The players are proud of what they've done so far – especially since it was just last fall when one national pundit opined that this might be one of the least talented teams Summitt ever had – but they also know there are seven more conference games left in the regular season.

"I think it's a good thing what we've done. I think it's always good to start off with such a good record," Hornbuckle said. "But at the same time that's only getting us better and preparing us for the second half of SEC play – facing Georgia again, not yet facing LSU or Ole Miss. Those are going to be great games, and I think that these games have all prepared us for that, and it's going to keep preparing us until we finish out the SEC."

Georgia, Tennessee's longtime bitter conference rival, would love to put a mark in the SEC loss column for the Lady Vols.

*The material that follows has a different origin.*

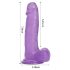 Tracy's Dog dildo ar sēkliniekiem un piesūcekni, violets, 20 cm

"Going to Knoxville always is a lot of fun for us," Landers said. "We enjoy that challenge. We've always felt like that – more times than not – we're in position up there to get the ‘W.' We'll go in Monday with that thought and that being our drive and motivation."

The Tennessee players and coaching staff are anticipating a closely fought contest.

"To me every year we play Georgia it's been a tough game," Parker said. "Every conference game is tough. Everybody brings their ‘A' game against Tennessee. I guess the orange does that."

SCOUTING REPORT:Associate Head Coach Holly Warlick handled the scouting report. Here is her assessment.

When Georgia has the ball: Look for Tasha Humphrey to be more involved in the offense than in the last game. "I think she's scoring more the last couple of games. They're the same team. They're going to pound it inside. They're going to go high-low. I'm waiting on (Cori) Chambers to go off because she's still a great offensive player. (Ashley) Houts is taking care of the ball more. I don't anticipate them doing too many things different from when we played them."

When Tennessee has the ball: "We've got to take some relief off Candace. Others players have to make plays. That will free up them doubling up. We've got to continue to push the ball in transition and if we can score in our primary (offense) we're in business. We've just got to continue to bring the pressure and hopefully we can cause some turnovers and get some easy layups."

Could Georgia bring more pressure than in the last game?

"He's playing eight people so he's playing a little bit more of a controlled game," Warlick said. "If they get steals and long rebounds I think they're going to run."

With Tennessee undefeated in the SEC does that give Georgia extra incentive, especially with the big win over LSU?

"They didn't need to win that game to be ready to play us," she said. "We beat them last time, and we would feel the same way. I think they're a good team, I think they're a well-coached team and it's just a matter of who's going to get down and play the better defense and rebound."

Will this be a typical border state basketball battle?

"Absolutely," Warlick said. "I'd like for it to be different, but no, they're not going to lay down and die. They never have and we're not either. They're too good of a team."

Georgia will bring a freshman point guard into Thompson-Boling Arena, but so far Houts has handled the responsibility.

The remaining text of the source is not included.